I feel the reason it was cut was due to the guys outburst at the end of the clip coming off as somewhat comical("well f you too"). It gives the impression that the guy was more irritated by the thing as opposed to being genuinely scared for his life.
@@dezperado2006 good point! though i rather like the idea of being "irritated" by The Thing, lol! but yeah, talk about taking one out of the moment. Like if a character did an eye roll and scoffed, "ugh, not that Thing...Again!' Suddenly all that grim suspense that's been carefully constructed is blown away with flippancy.
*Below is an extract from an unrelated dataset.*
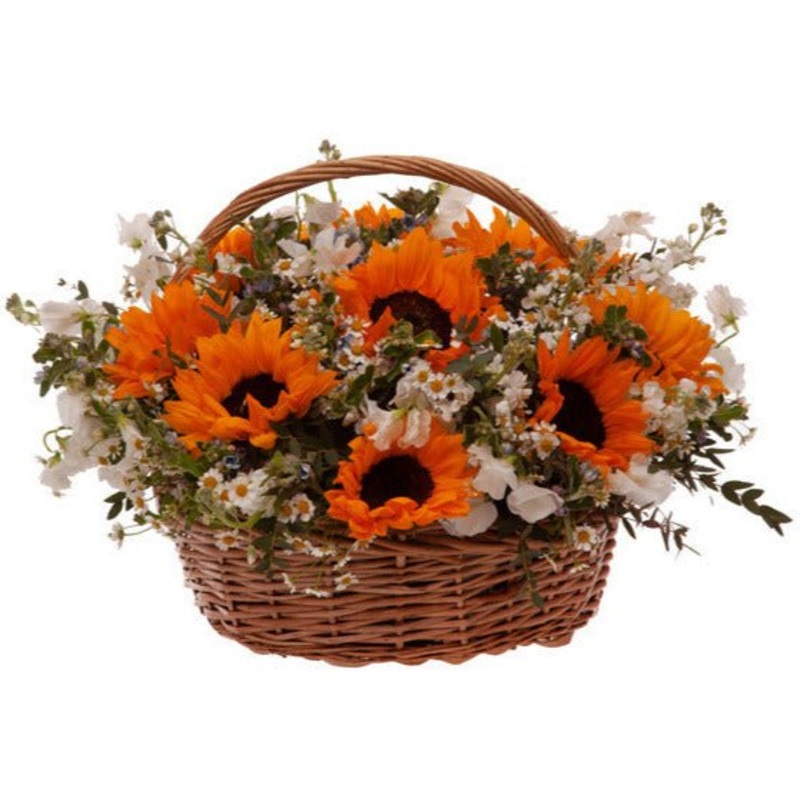 Sunflowers and Sweet Peas with Daisy Tanacetum Basket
@@jackfriend4uRight I agree. I mean, this guy probably said the same thing a month ago prior to this to his former boss when he was being fired for sleeping on the job lol. Seriously though, I thought this was a very suspenseful, entertaining movie and enjoy watching it whenever I happen to catch it on. They don't make good horror movies like they did in the 20th century.
Yes, it’s not bad work, it just doesn’t fit the feel of the rest of the film’s effects. Especially at the very end, it would have felt jarring.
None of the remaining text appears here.